By Andrew Flanagan (http://nymag.com/author/Andrew%20Flanagan/)

** Why the Vinyl Boom Is Actually a Drought
————————————————————
the sound of money (safari-reader://www.vulture.com/news/the-sound-of-money/) September 11, 2015 4:15 p.m. By Andrew Flanagan
Brooklyn Vinyl Works’ project manager, Nick Jett, shows off the master of a vinyl pressing. Photo: Nathan Perkel for Vulture

That the resurgence of vinyl records has coincided with the rise of music-streaming services is more than just a nostalgic curiosity. It’s one of those times when an idea is plucked from the ether by unconnected minds. Spotify playlists, mp3 collections, even the physicality of Zane Lowe’s shouts projected at listeners as new hits fade in on Beats 1 — they’re all brought to us by pixelated ghost couriers we don’t understand. It’s a strange time not only to consume media, but to be alive. Perhaps listeners unconsciously decided that they really needed to touch something, and that something was polyvinyl chloride. “Anyone who says they saw this coming is a liar,” says Drew Hill, managing director of Proper, the U.K.’s largest independent distributor of physical music. We couldn’t have predicted the vinyl boom, but as an antidote to the exclusively digital future music was headed toward, records do the trick.

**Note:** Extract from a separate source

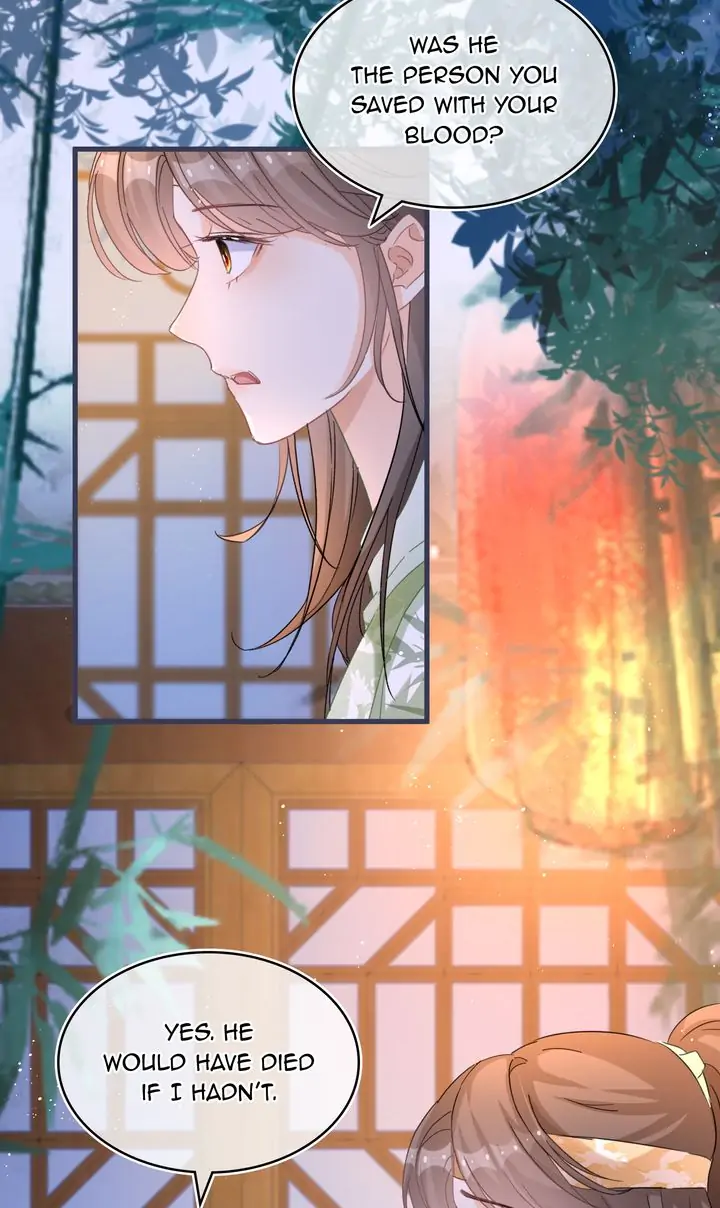 The Most Beloved Chapter 52 - page 3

The result of this uncanny growth — vinyl sales were up 54.7 percent globally last year, compared to 2013, which saw 9.2 million records sold (http://www.billboard.com/articles/columns/chart-beat/6422442/vinyl-album-sales-hit-historic-high-2014) in the U.S. — is a manufacturing sector whose seams have been steadily swelling for nearly a decade. Some top vinyl-pressing plants operate 24 hours a day, seven days a week, in an attempt to keep up. Because of the format’s sharp decline in the 1990s, many plants were shuttered, leaving the few players that survived to cash in. Others have cropped up to service the boom, but still, the grand total of U.S. vinyl-pressing plants of varying sizes hovers around 15. “There is not the capacity anywhere in the world to cope with the demand at the moment,” Hill says.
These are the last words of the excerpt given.